The optical add/drop multiplexing units 110 includes an optical coupler 111, a wavelength selectable switch for dropping 112, and a wavelength selectable switch for adding 113. Hereinafter, the wavelength selectable switch for dropping 112 is referred to as “WSS for dropping 112”, and the wavelength selectable switch for adding 113 is referred to as “WSS for adding 113”. Each of the optical couplers 111 in the optical add/drop multiplexing units 110a-110d is connected to all of the WSSs for adding 113 in the optical add-drop multiplexing units 110a-110d. Thereby, each of the optical add-drop multiplexing units 110a-110d includes a wavelength cross-connect function.

The optical coupler 111 branches the inputted optical signal λ1. The WSS for dropping 112 selects, as the drop signal, any given wavelength of optical signal from the optical signal λ1 branched by the optical coupler 111 and outputs the drop signal to the amplifier 190. At this time, the WSS for dropping 112 selects the number of wavelengths of drop signals corresponding to the number of amplifiers 191, and outputs the selected drop signals to each amplifier 191 in the amplifier 190 at each wavelength. The WSS for adding 113 outputs the optical signal in which the add signal inputted from a transmission unit 140 through the amplifier 200 is multiplexed to the optical signal in which the drop signals is removed from the optical signal λ1 branched by the optical coupler 111. The WSS for dropping 112 corresponds to the wavelength selection unit or the first wavelength selection unit of the invention, and the WSS for adding 113 corresponds to the second wavelength selection unit of the invention.

The amplifier 190 amplifies the drop signals outputted by the WSS for dropping 112. The amplifier 191 amplifies the drop signal at each wavelength. The total number of the amplifiers 191 is set lower than the number of wavelengths of the inputted optical signal λ1. In the optical transmission device 9000 illustrated in FIG. 6, the number of amplifiers 931 in the amplifier 931 is set to correspond to the number of wavelength of the inputted optical signal λ1. In the optical transmission device 1000, since the total number of the amplifiers 191 is set lower than the number of wavelengths of the inputted optical signal λ1, the number of the amplifiers 191 can be reduced compared with the optical transmission device 9000 shown in FIG. 6. That is, since corresponding to the number of the amplifiers 191, the total number of wavelengths of the drop signals inputted from the WSS for dropping 112 to each of the amplifiers 191 is reduced compared with the number of wavelength of the inputted optical signal λ1.

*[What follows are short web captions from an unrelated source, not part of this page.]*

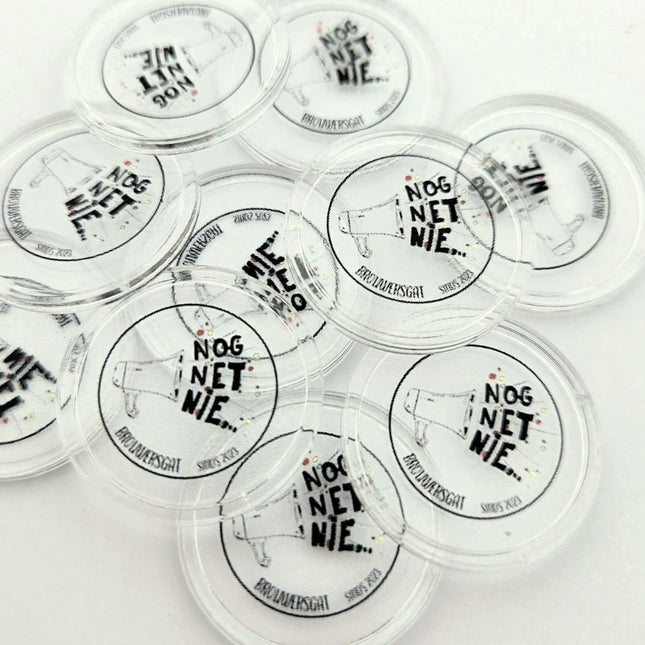 Fichas personalizadas transparentes Ø25 mm - 100 unidades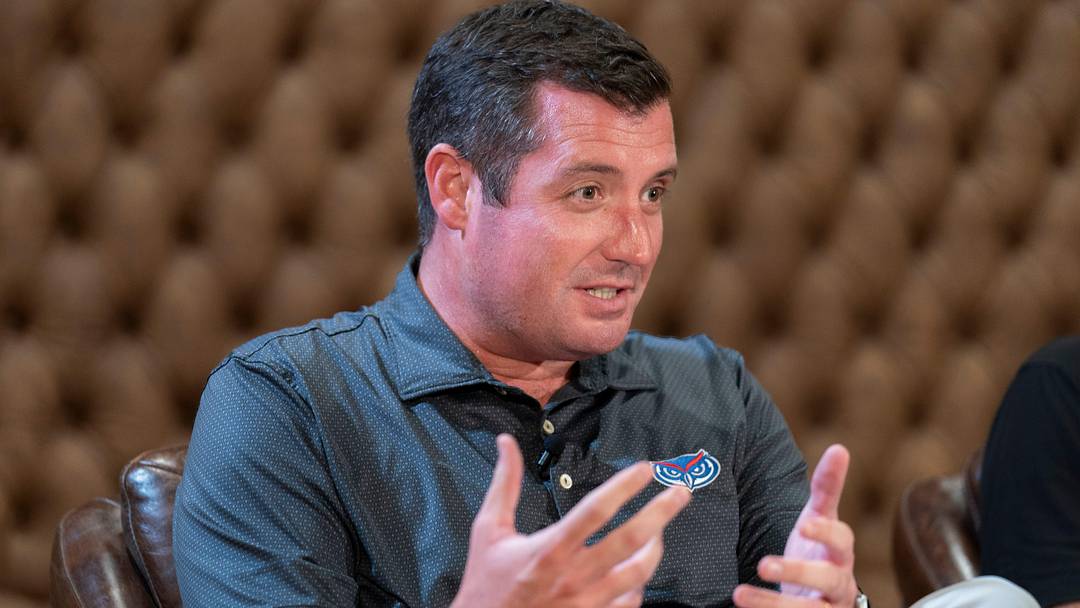 Brian White, Vice president and director of athletics at FAU speaks at The Palm Beach Post's NIL, Name, Image and Likeness forum in West Palm Beach, Florida, on August 27, 2025.
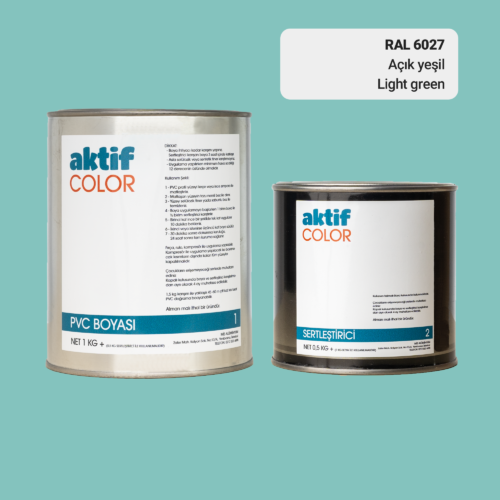 RAL 6027 - Açık Yeşil / Aktif Color Pvc Boyası (Pimapen Boyası) 1,5 Kg / Yeşil Tonlar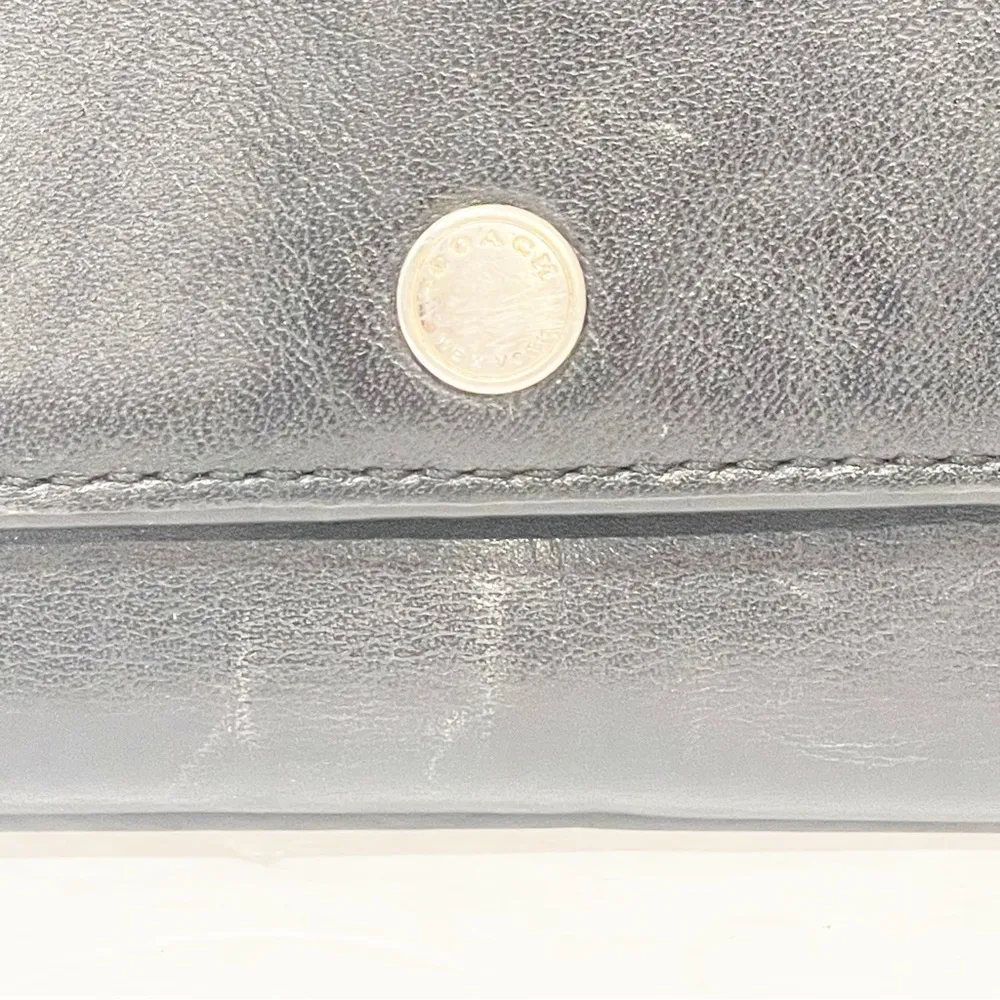 Coach Black Leather Card Holder Wallet Crossbody Bag - Image 2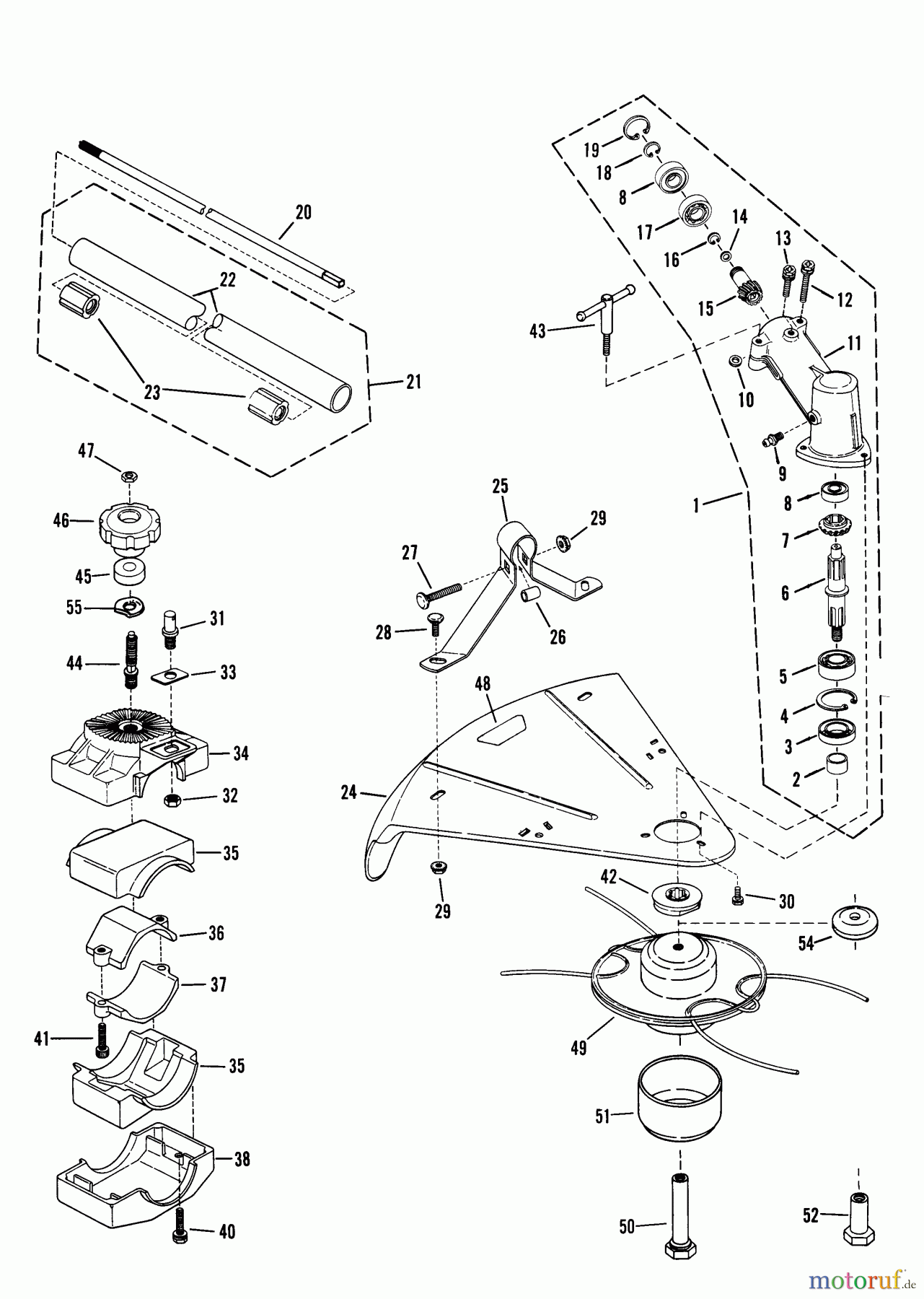  Snapper Trimmer RT2451 - Snapper Walk-Behind Trimmer RT2451 Gear Head, Tube & Bushing Assmy And Plastic Shield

The aggregator 120 includes a reception unit 130 and the transmission unit 140. The reception unit 130 receives the drop signals amplified by the amplifier 190. The reception unit 130 includes a merging unit 131 and an optical switch 132. The merging unit 131 merges the drop signals received by the reception unit 130. The merging unit 131 is configured to operate the optical coupler as a merging coupler. The optical switch 132 selects any given signal from the drop signals merged by the merging unit 131 and outputs the signal to the wavelength selection filter 150.

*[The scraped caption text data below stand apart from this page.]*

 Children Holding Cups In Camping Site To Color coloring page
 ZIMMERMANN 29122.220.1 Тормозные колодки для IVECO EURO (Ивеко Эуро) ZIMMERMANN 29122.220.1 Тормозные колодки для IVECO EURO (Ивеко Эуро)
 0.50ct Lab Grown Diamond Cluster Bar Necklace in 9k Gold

The transmission unit 140 generates the add signal using a signal inputted from the transponder 180 described below, and inputs the add signal to the WSS for adding 113 through the amplifier 200. The transmission unit 140 includes a branching unit 141 and an optical switch 142. The optical switch 142 selects a route of a signal inputted from the transponder 180, and outputs this to the branching unit 141 depending on the selection result. The branching unit 141 branches the inputted signal and outputs this, as the add signal, to the WSS for adding 113 through the amplifier 200 described below. The branching unit 141 is, for example, configured by operating the optical coupler as a splitter.

The wavelength selection filter 150 selects a signal with a specific wavelength in the signals outputted by the optical switch 132. The wavelength selection filter 150 may be either a variable type or a fixed type.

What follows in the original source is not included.